Step-by-step guide using command line

  1. Create a directory where files protected version of your code will be placed.
  2. Create some script or Makefile that invokes cxx-obfus, that handles all your files; make sure that it allows you to edit command line options applied to all invocations of cxx-obfus in a single place, as you will have to run cxx-obfus on your entire project several times, with different command line options
  3. Create a directory named exceptions in the same directory where your code resides. You will be adding exceptions to it - a list of symbol names that should not be changed, one per line. You will store each group of exceptions to separate file, e.g. exceptions extracted automatically should go to exceptions/auto.txt, exceptions composed manually should go to exceptions/manual.txt. In order to tell cxx-obfus to read exceptions from all files in that directory, append -x exceptions to cxx-obfus command line.
  4. Read introduction on what exceptions are.
  5. Generate names of symbols that you are using from a libraries that you are not obfuscating along your project extacting list of symbols and store it to file named auto.txt in exceptions directory.
  6. Put all exceptions that were not extracted by other tools (i.e. exceptions that you've collected manually), to file named manual.txt in exceptions directory (one symbol per line).
  7. Generate names of symbols that you export to other developers extacting list of symbols , store them to file named exported.txt in exceptions directory (one symbol per line).
  8. Build your project with lite level of protection. To achieve this, append
    -x exceptions -i prefix -n none -s none -jam 0
    to command line of cxx-obfus generated by command line builder.

    It will produce code that is rather easy to read. All symbols that are subject to mangling will get ReplacementFor_ string prepended to them.
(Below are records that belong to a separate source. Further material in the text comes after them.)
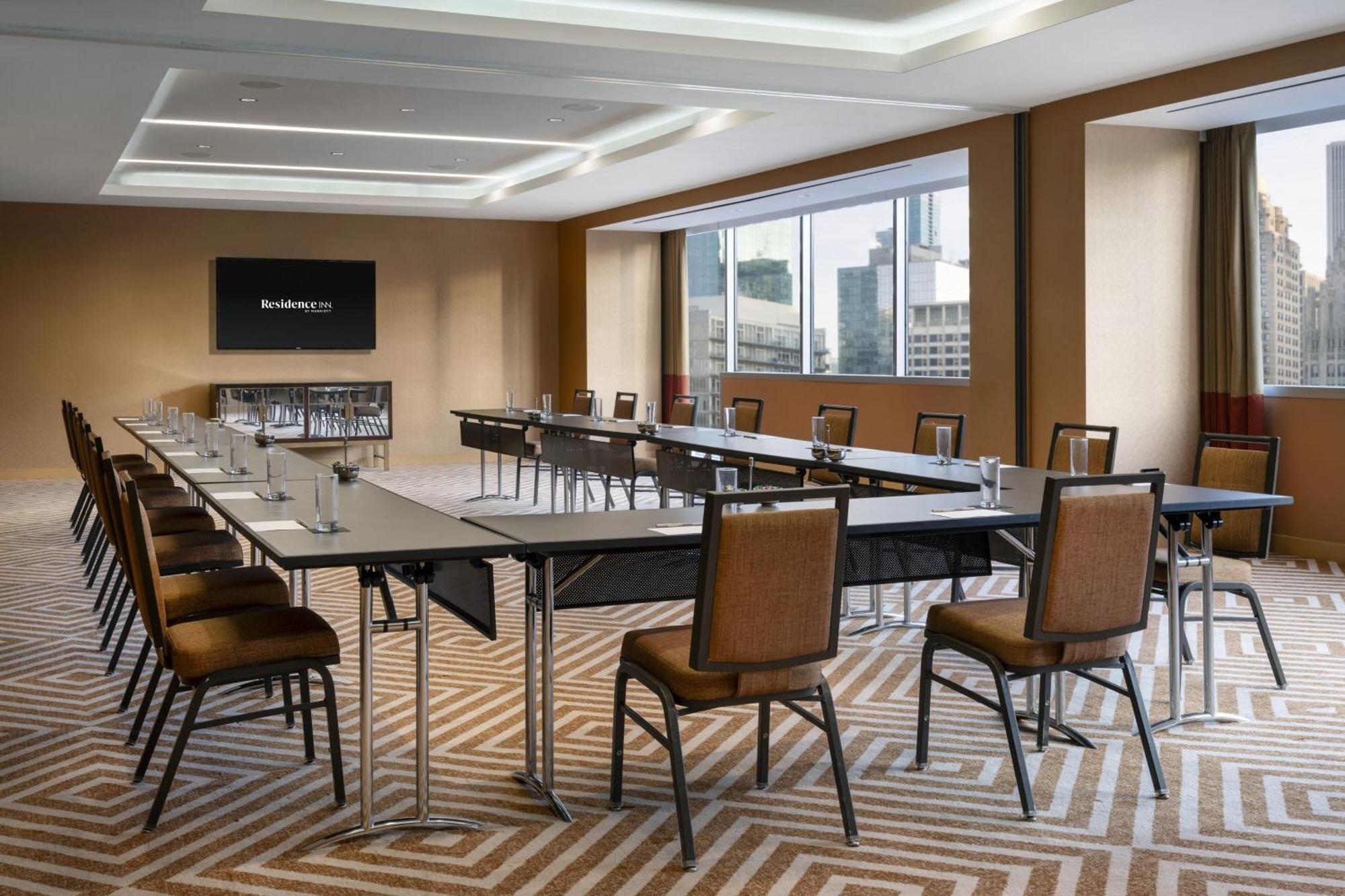 Residence Inn By Marriott Chicago Downtown Magnificent Mile Exteriör bild
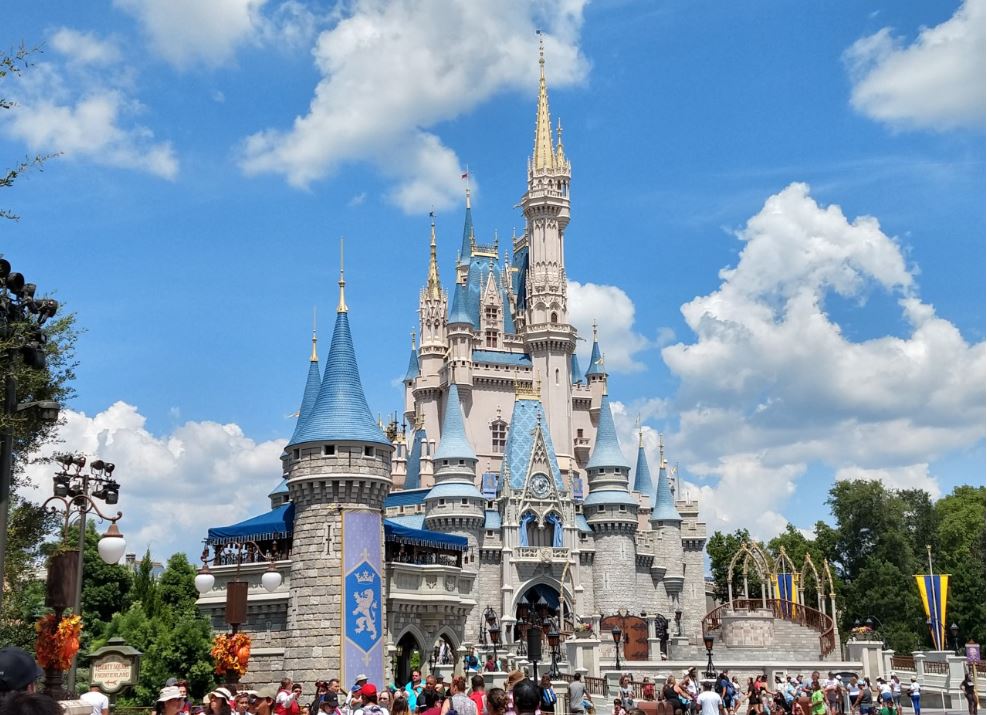 Booking High Demand Disney World Restaurants with Gift Cards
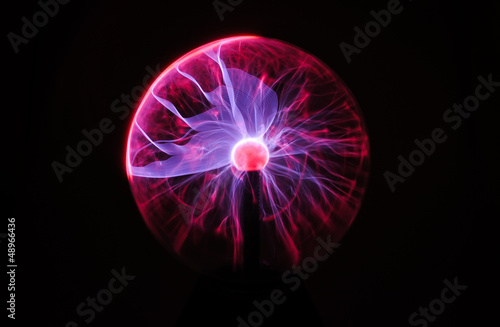 Fotografía close up on purple and red glows in glass plasma lamp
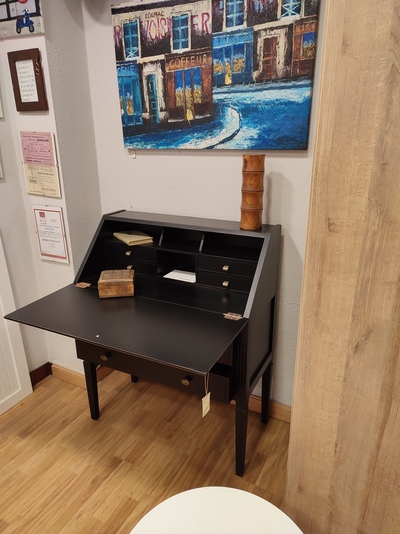 ESCRITORIO EN LACA  ENVEJECIDA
  9. Try to compile your code in output directory. If compiler complains that symbol named ReplacementFor_FunctionName can't be found, it means that FunctionName is a symbol from 3rd-party library, and that symbols from that library were not added to the list of exceptions extacting list of symbols . Add them to the list of exceptions - to file manual.txt in exceptions directory.
  10. Erase all output files and repeat 2 last steps until you get no errors compiling your protected code.
  11. Erase all output files.
  12. Build your project with production level of protection. To achieve this, append
    -x exceptions
    to command line of cxx-obfus generated by command line builder.
  13. Perform very minor checks that protected code works fine.
  14. Your product will then be ready for shipping.
If something still doesn't work, make sure you've read the recommendations in the NOTES section of the cxx-obfus manual.